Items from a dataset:
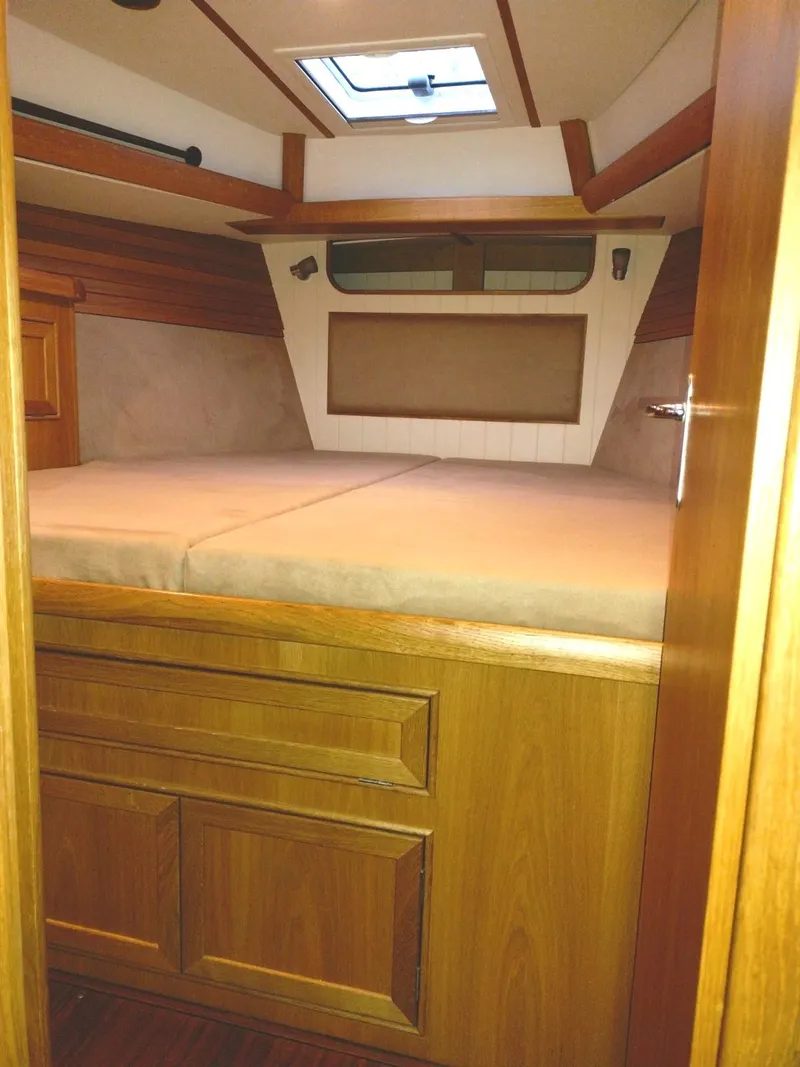 Slide: The Image of Fwd cabin - 18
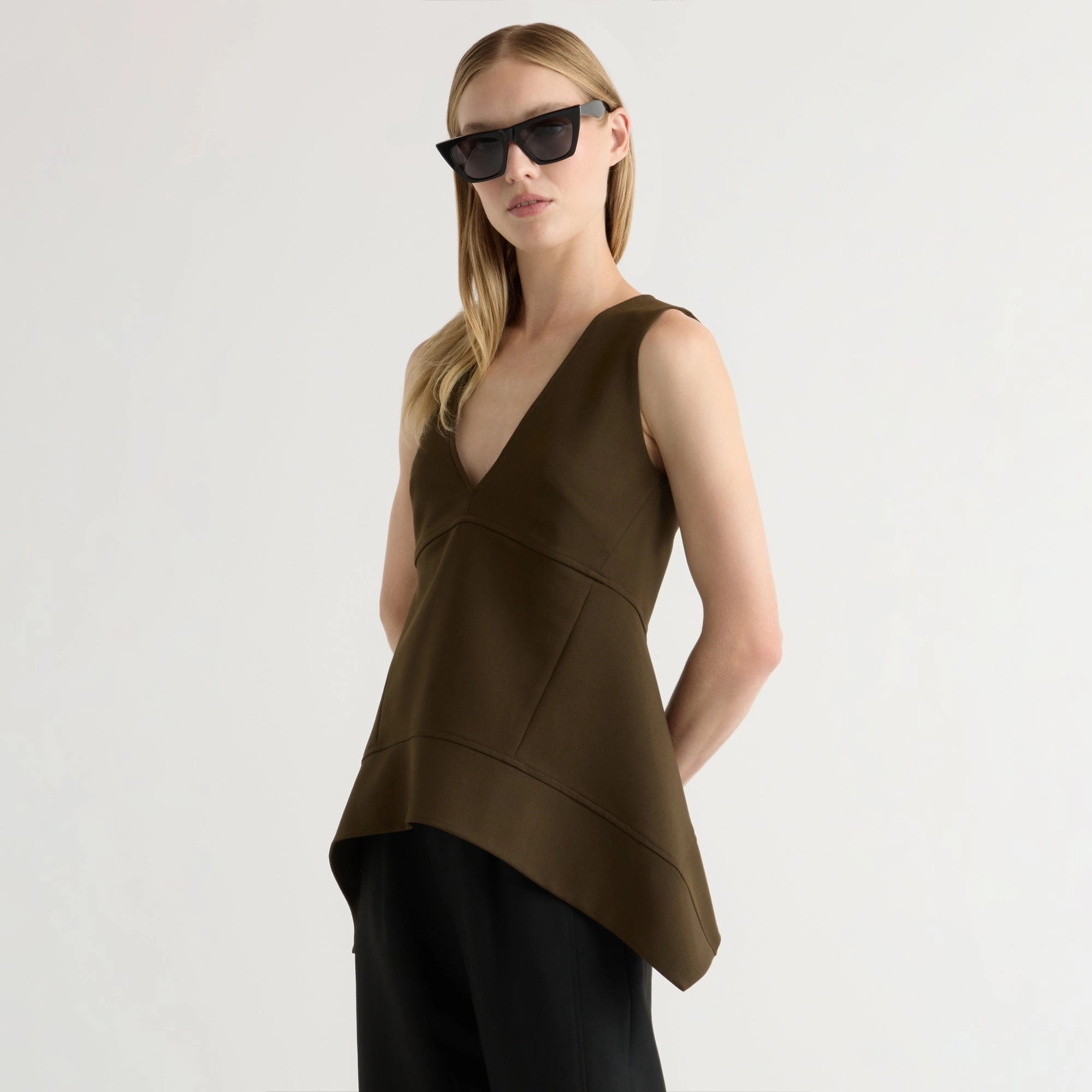 PaddedInsulation Nakitha Asymmetric-Tunic Hem Blouse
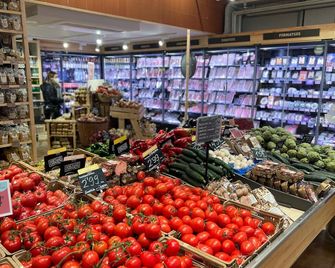 Apartaments-Hotel Hispanos 7 Suiza - Barcelona - Shop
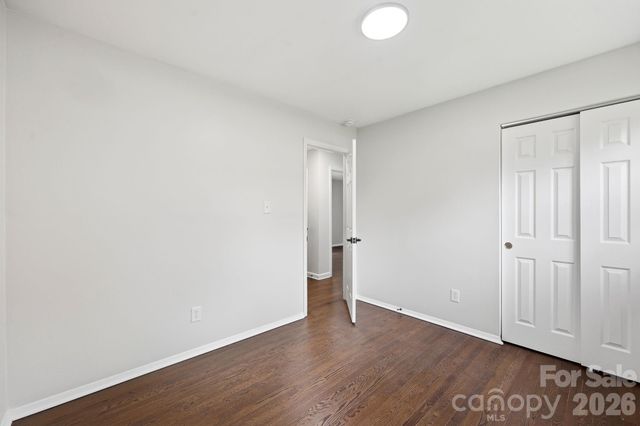 9430 Trinity Road, Charlotte, NC 28216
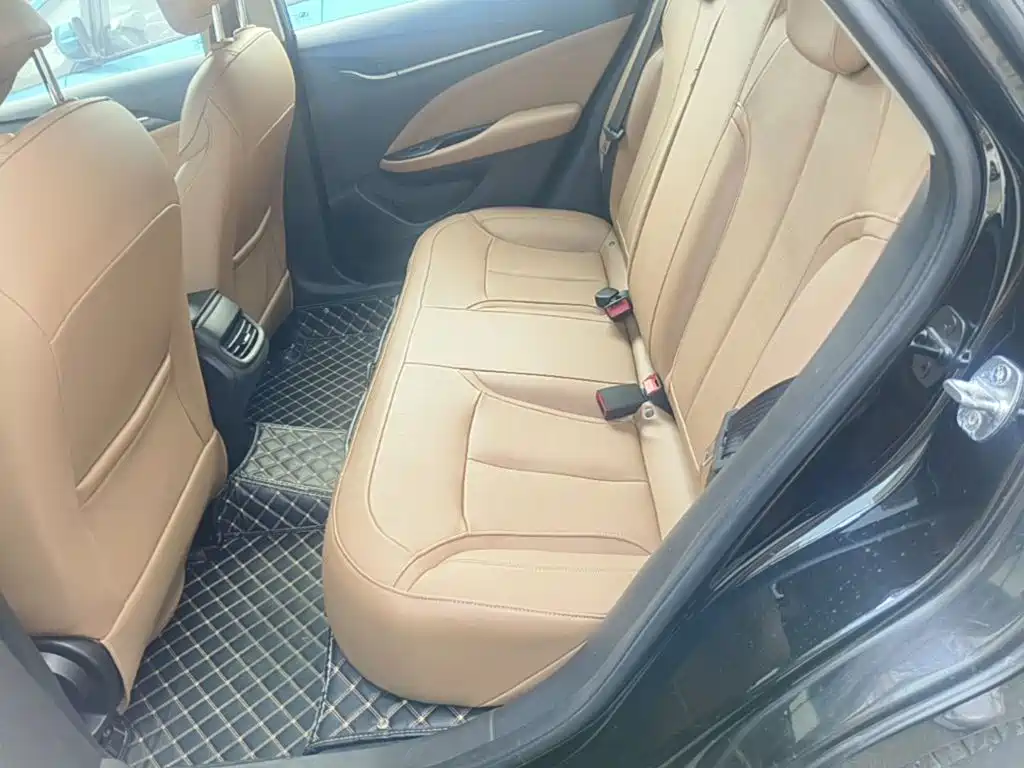 Buick Excelle — миниатюра 17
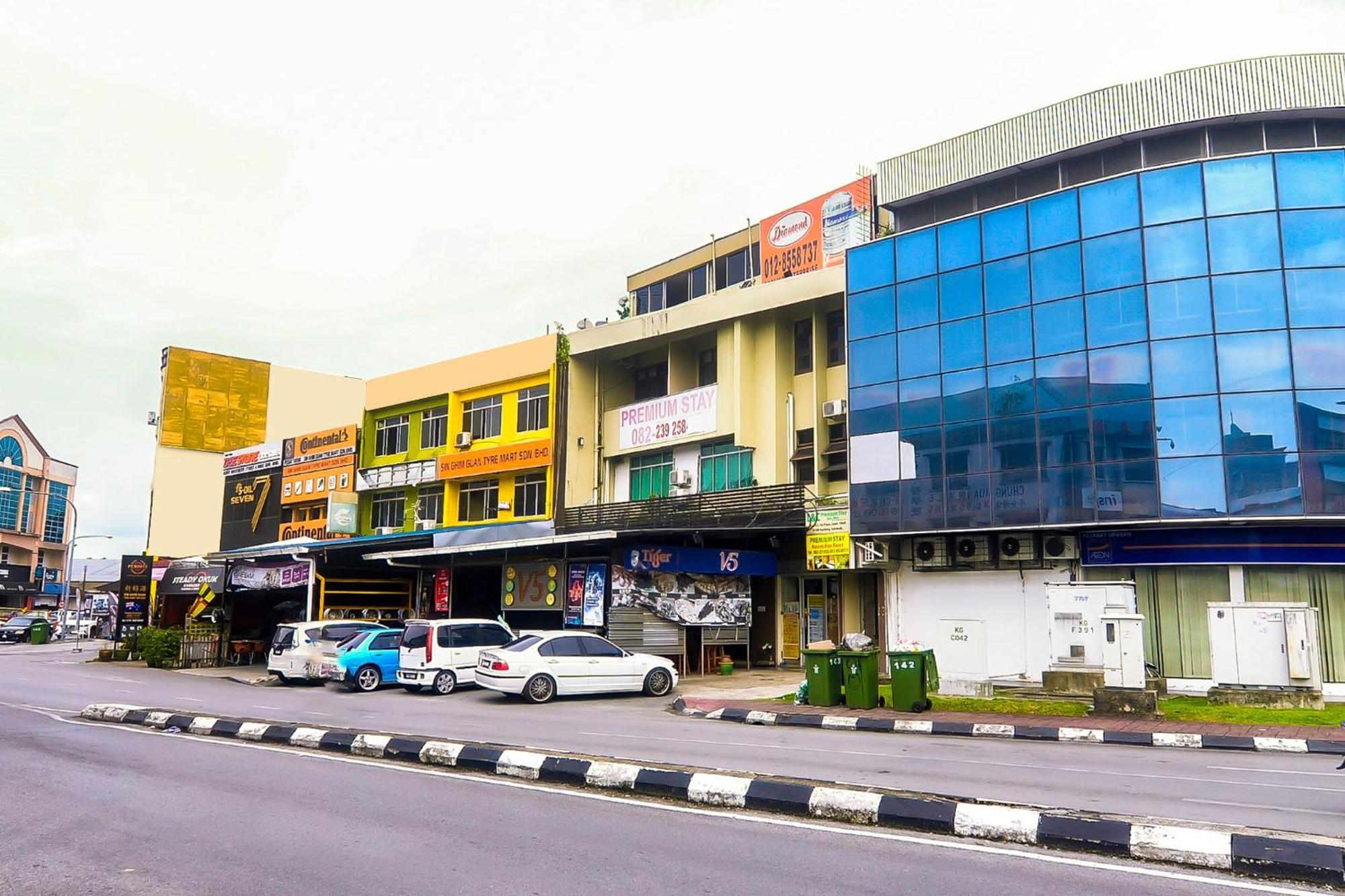 Oyo 44017 L & C Premium Stay Kuching Dış mekan fotoğraf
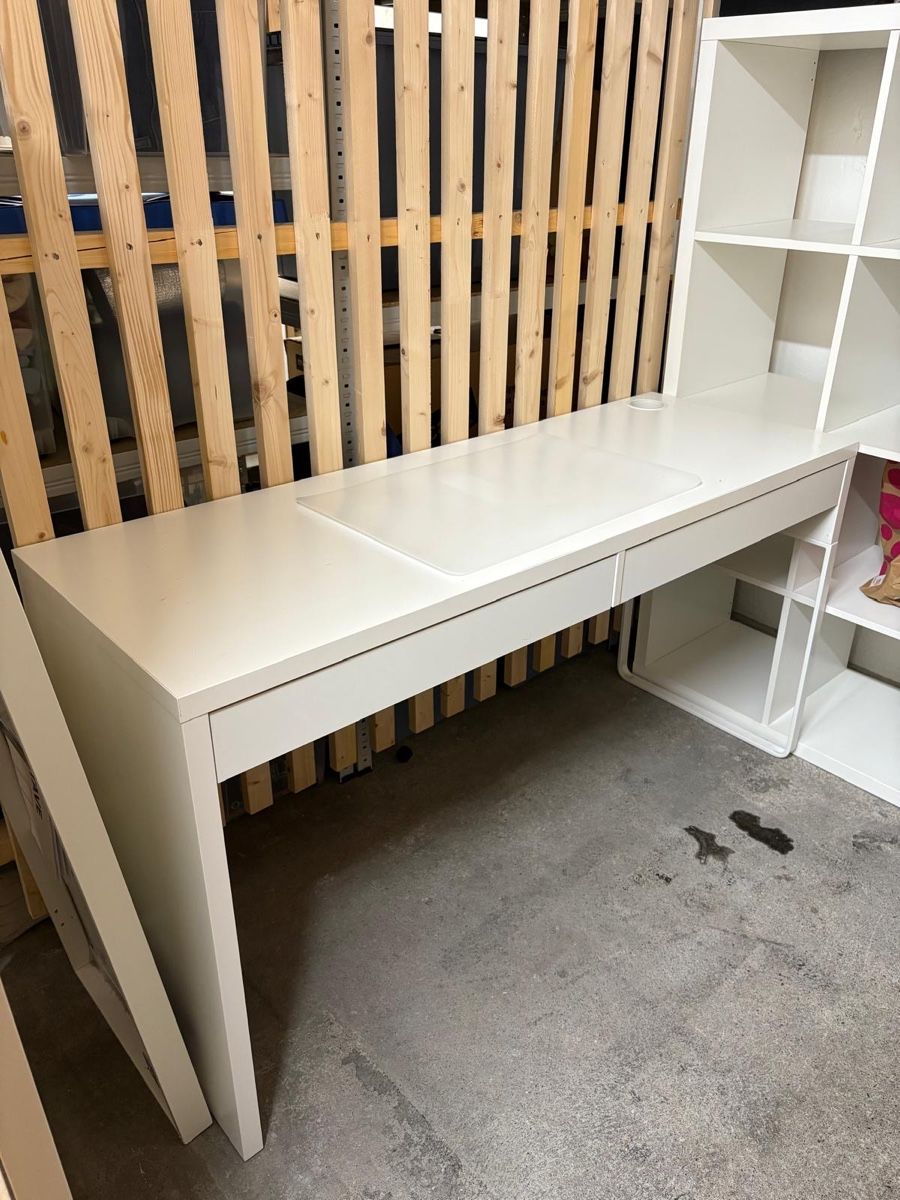 Scrivanie: IKEA Tisch und Bürostuhl – Usato da Zürich venduto da paulalina.l 1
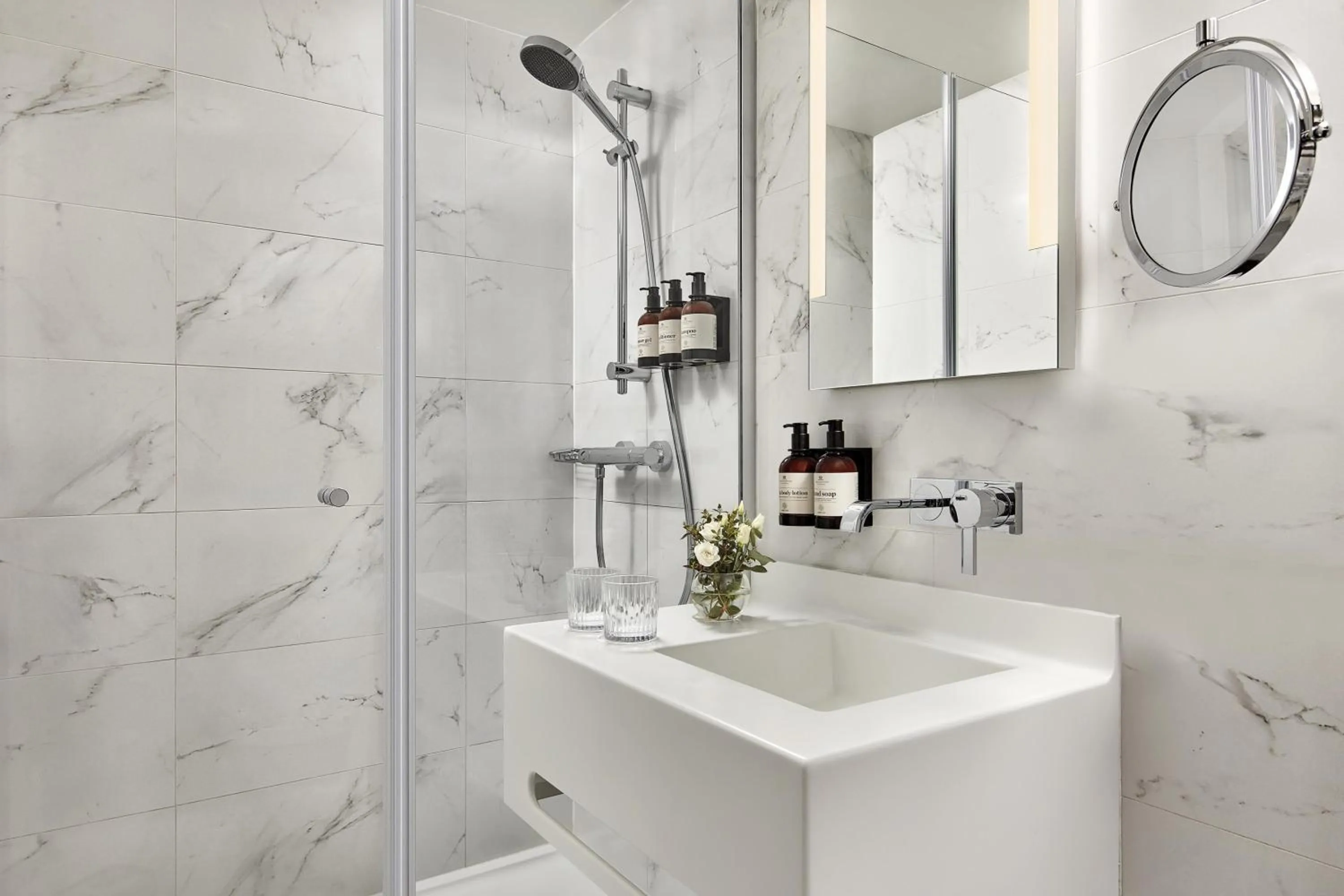 Bathroom in NH Collection Paris Ponthieu Champs-Élysées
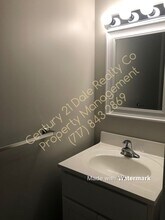 56 Lexton Dr in York, PA - Building Photo - Building Photo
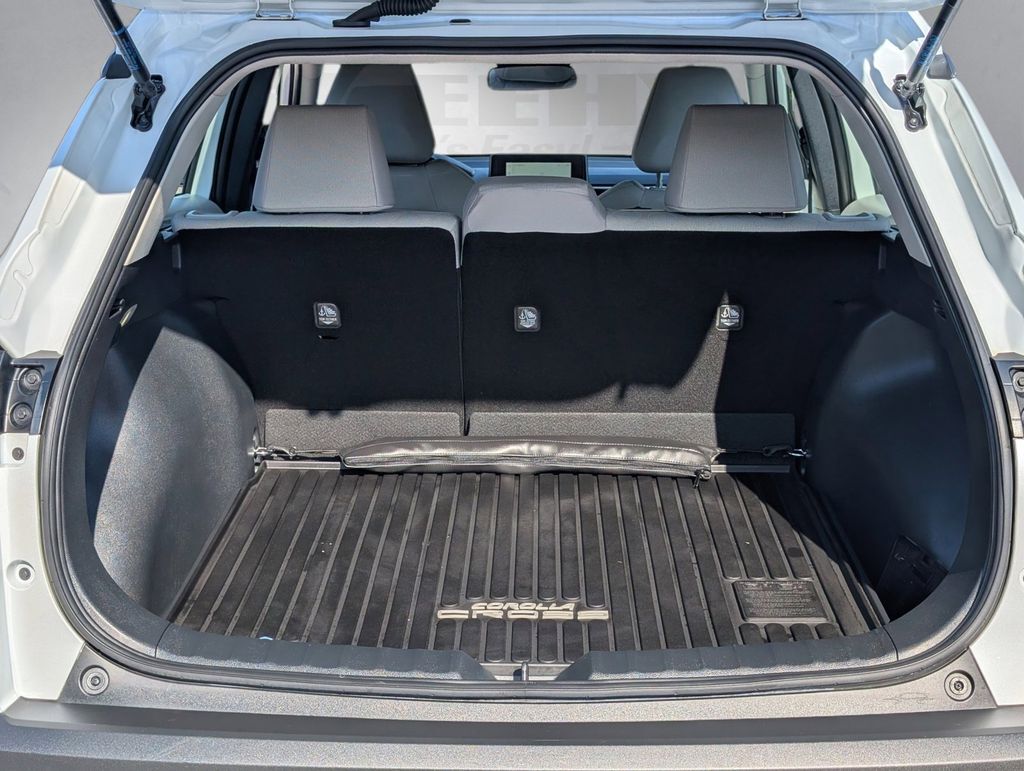 2025 Toyota Corolla Cross L Cockeysville MD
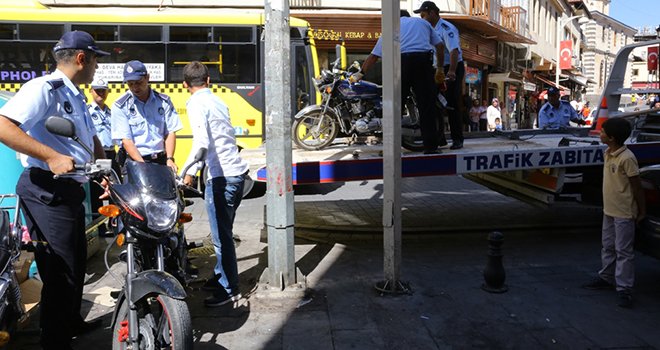 Kaldırımlara Park Edilen Motosikletler Toplanıyor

**What you have to do**
From the records above, output only the lines starting at the one containing "9430 Trinity Road, Charlotte, NC 28216" and ending at the one containing "56 Lexton Dr", word for word. Pictures stay out.

**Response area**
 9430 Trinity Road, Charlotte, NC 28216
 Buick Excelle — миниатюра 17
 Oyo 44017 L & C Premium Stay Kuching Dış mekan fotoğraf
 Scrivanie: IKEA Tisch und Bürostuhl – Usato da Zürich venduto da paulalina.l 1
 Bathroom in NH Collection Paris Ponthieu Champs-Élysées
 56 Lexton Dr in York, PA - Building Photo - Building Photo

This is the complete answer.